Published online by Cambridge University Press: 05 March 2014
Both tax and trading can be used to create an explicit price for carbon; and regulation can create an implicit price.
For all these instruments, credibility, flexibility and predictability are vital to effective policy design.
A lack of credible policy may undermine the effectiveness of carbon pricing, as well as creating uncertainties for firms considering large, long-term investments.
To establish the credibility of carbon pricing globally will take time. During the transition period, governments should consider how to deal with investments in long-lived assets which risk locking economies into a high-carbon trajectory.
To reap the benefits of emissions trading, deep and liquid markets and well designed rules are important. Broadening the scope of schemes will tend to lower costs and reduce volatility. Increasing the use of auctioning is likely to have benefits for efficiency, distribution and potentially the public finances.
Decisions made now on the third phase of the EU Emissions Trading Scheme pose an opportunity for the scheme to influence, and be the nucleus of, future global carbon markets.

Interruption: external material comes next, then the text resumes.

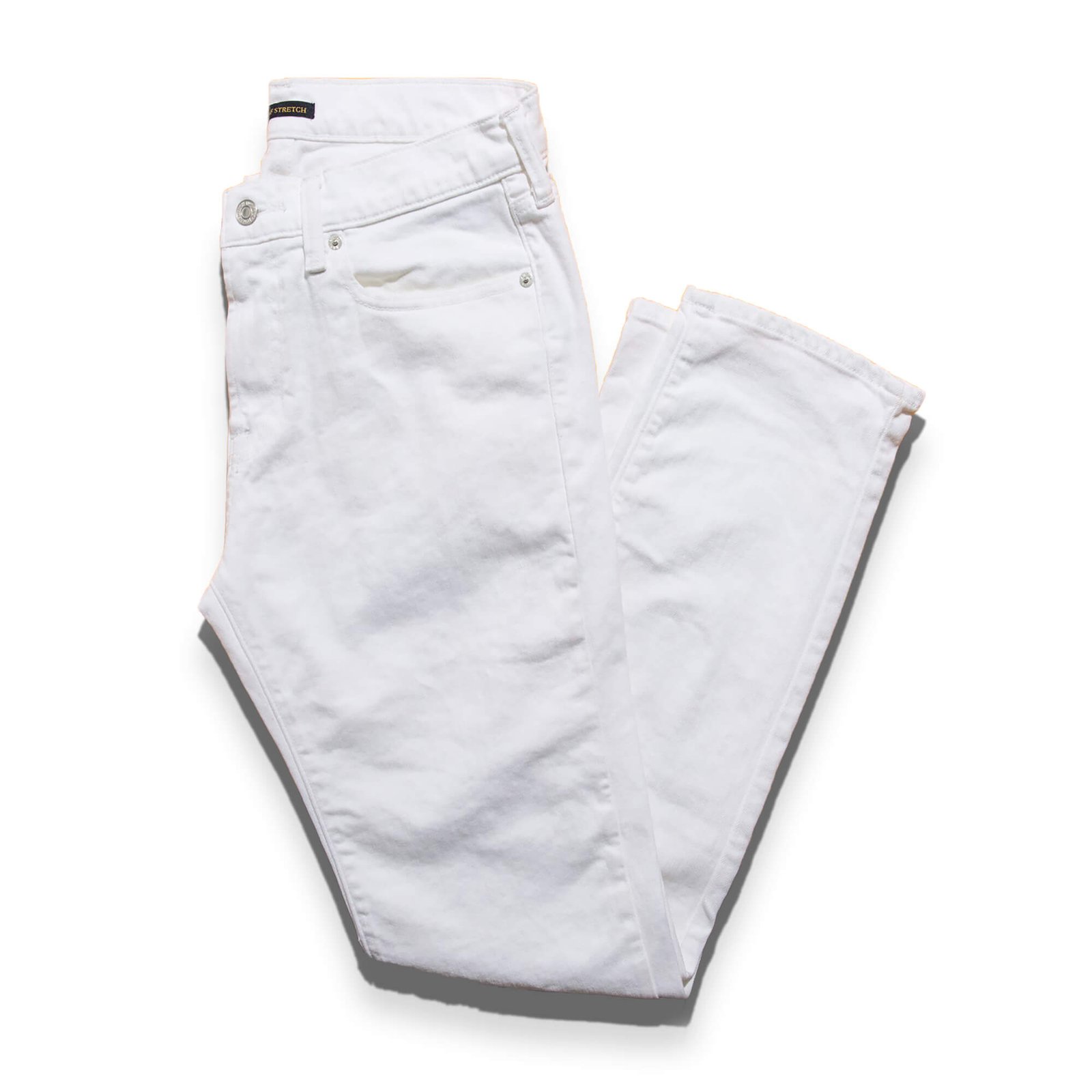 Blank Free Jeans Pants Mockup PSD Template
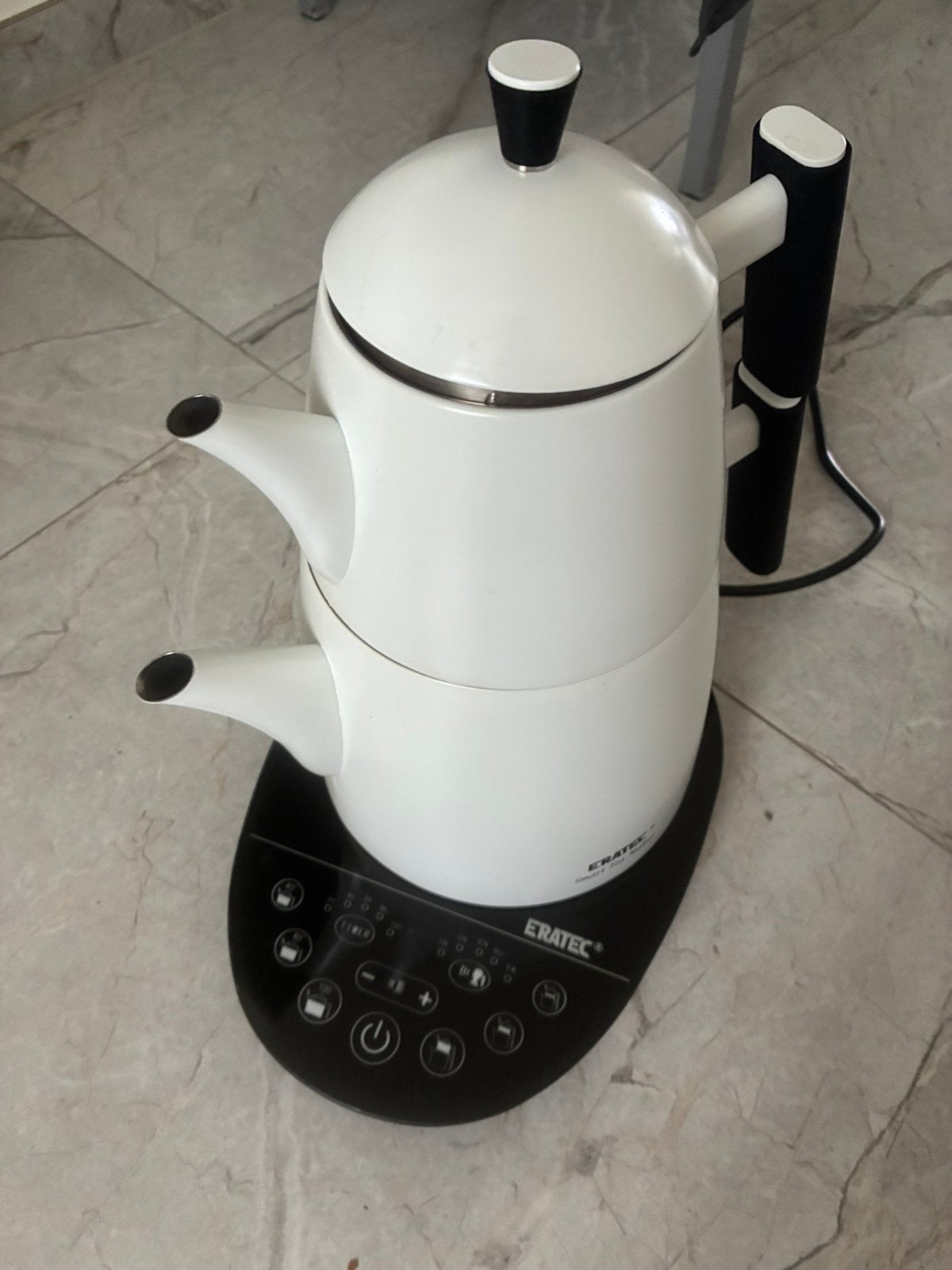ERATEC automatische Turkse theemaker – Smart Tea Maker, Ophalen, Zo goed als nieuw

The establishment of common incentives across different sectors is important for efficiency. The overall structure of incentives, however, will reflect other market failures and complexities within the sectors concerned, as well as the climate change externality.
The characteristics of different sectors will influence the design and choice of policy tool. Transaction costs of a trading scheme, for instance, will tend to be higher in sectors where there are many emission sources.